Fig. 5 shows a diagram of a processing device of the unbalance signals of the measure bridge in dependence on the load, which can be obtained by means of the method and the device, that are both object of the present invention.

With reference to such figures, and particularly to Figure 1, the protection device, object of the present invention, is applicated to a cell A having 14 anodes, indicated with the number from 1 to 14; cell A, as known, is supplied from the preceding cell B through the bars of anodic ascent indicated with A1, A2, A3 etc., which connect bottom C of preceding cell B with the upper end of anodes 1-14. The protection device, object of this invention, substantially consists of a first group of seven electric wires D1, D2, D3 etc., connected with an end to the anodes from 1 to 7 and with the opposite end to seven resistances Rl-R7, the output of which is joined in a only wire F, from which a voltage VM1 can be drawn.
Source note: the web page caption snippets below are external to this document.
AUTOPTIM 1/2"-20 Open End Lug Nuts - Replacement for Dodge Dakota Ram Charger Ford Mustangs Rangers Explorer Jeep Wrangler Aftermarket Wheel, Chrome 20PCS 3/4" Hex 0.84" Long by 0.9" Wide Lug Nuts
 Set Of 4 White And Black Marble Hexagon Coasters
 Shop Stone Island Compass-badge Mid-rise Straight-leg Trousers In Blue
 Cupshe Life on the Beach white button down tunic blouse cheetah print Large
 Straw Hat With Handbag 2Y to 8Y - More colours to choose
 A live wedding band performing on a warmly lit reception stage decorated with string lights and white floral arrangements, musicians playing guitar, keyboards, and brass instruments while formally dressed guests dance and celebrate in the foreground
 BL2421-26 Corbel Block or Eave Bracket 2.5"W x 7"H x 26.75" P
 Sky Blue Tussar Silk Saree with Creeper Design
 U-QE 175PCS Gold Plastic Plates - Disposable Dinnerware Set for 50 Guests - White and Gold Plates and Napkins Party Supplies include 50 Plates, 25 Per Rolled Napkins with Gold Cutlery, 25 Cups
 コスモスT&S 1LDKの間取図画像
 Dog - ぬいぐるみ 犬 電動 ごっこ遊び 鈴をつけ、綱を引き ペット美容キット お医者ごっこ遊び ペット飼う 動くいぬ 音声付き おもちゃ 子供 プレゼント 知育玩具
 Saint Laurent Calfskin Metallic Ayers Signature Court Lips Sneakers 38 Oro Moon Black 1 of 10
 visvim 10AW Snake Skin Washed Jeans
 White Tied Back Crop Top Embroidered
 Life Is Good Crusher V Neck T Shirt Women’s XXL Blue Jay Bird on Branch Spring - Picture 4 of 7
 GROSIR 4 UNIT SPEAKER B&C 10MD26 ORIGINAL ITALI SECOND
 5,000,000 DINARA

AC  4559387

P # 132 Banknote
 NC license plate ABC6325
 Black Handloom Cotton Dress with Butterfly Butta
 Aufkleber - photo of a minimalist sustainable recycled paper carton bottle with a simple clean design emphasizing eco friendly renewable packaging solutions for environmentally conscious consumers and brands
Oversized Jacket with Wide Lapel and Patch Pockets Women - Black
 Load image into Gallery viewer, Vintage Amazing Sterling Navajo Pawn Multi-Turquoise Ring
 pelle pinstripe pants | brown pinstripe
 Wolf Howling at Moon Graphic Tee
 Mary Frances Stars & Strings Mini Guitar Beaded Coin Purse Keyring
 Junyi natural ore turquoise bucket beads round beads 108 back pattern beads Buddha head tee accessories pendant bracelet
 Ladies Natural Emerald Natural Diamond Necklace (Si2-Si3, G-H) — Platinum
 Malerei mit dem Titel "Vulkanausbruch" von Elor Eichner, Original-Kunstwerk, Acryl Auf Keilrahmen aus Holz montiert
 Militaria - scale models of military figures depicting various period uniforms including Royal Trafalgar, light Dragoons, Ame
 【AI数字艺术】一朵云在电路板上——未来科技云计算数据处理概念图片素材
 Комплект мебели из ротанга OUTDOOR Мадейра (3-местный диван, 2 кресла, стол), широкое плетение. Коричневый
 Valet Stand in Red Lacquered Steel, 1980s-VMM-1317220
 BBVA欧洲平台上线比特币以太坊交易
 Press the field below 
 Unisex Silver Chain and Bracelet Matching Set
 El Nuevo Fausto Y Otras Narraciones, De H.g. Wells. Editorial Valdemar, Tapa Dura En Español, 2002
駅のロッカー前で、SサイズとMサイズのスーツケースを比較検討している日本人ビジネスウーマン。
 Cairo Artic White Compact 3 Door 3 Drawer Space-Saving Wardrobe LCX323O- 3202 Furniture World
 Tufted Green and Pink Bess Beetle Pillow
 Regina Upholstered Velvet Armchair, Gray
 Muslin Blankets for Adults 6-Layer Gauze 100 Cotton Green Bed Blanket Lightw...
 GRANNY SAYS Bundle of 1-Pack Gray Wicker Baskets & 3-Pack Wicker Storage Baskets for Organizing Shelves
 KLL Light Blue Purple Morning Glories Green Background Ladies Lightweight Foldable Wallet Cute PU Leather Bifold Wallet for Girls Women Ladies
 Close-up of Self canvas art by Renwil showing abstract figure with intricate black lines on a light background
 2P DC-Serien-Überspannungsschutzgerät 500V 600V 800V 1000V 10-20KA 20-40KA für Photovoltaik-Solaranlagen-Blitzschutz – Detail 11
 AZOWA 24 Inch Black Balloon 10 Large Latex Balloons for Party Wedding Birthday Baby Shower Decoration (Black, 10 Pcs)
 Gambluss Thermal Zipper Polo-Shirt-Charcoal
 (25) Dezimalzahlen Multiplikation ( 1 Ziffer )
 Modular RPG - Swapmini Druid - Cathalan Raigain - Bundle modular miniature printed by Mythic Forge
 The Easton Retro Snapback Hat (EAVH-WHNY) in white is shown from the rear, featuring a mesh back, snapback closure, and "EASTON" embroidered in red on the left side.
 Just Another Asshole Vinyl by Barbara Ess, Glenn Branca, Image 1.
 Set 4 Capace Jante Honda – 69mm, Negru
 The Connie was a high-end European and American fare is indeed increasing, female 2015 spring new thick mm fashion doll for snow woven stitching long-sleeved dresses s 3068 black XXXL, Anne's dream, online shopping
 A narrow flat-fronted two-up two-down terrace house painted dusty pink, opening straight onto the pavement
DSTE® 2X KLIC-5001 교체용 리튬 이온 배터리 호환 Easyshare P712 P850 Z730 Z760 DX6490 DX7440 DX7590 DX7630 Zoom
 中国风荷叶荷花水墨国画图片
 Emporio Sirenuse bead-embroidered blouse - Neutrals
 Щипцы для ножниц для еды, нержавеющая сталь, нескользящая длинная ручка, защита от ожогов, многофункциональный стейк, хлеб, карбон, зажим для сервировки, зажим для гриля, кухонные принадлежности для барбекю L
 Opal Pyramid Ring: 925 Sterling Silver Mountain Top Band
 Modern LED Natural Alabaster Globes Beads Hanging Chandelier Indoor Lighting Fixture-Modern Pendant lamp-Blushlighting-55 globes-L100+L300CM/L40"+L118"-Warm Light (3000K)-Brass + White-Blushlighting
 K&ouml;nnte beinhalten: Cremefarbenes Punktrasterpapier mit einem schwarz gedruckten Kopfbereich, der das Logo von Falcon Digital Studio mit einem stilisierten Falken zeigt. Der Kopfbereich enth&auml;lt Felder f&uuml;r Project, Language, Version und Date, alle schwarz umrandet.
Likewise, for the second semicell comprising the anodes from 8 to 14, wires G1, G2, G3 etc. are employed, which at the free end are connected- always through resistances from R8 to R14-with a only wire F1, from which the average voltage VM2 can be drawn.
To carry out the process object of the present invention, the device foresees furthermore, a cable HO connected in the middle CG of bottom C of the preceding Cell B, a cable H1 connected in point CR2 of bottom C of the preceding second semicell B and a cable H2 connected at the output end U of cell B; these three cables are joined, through resistances R19, R20 and R21, on a only wire 1; on which a voltage is available indicated in Fig. 1 by Vce2; likewise, cables L0, L1 and L2 and relevant resistances R16, R17, R18 are set up on the first semicell B and said cables join on the only wire M, on which a voltage Vce1 is available; the values and the function of the anodic voltages of the two semicells to be tested and of the semicells to be compared, i.e. of VM1, VM2 and respectively Vce2 and Vce1 will be hereinafter explained.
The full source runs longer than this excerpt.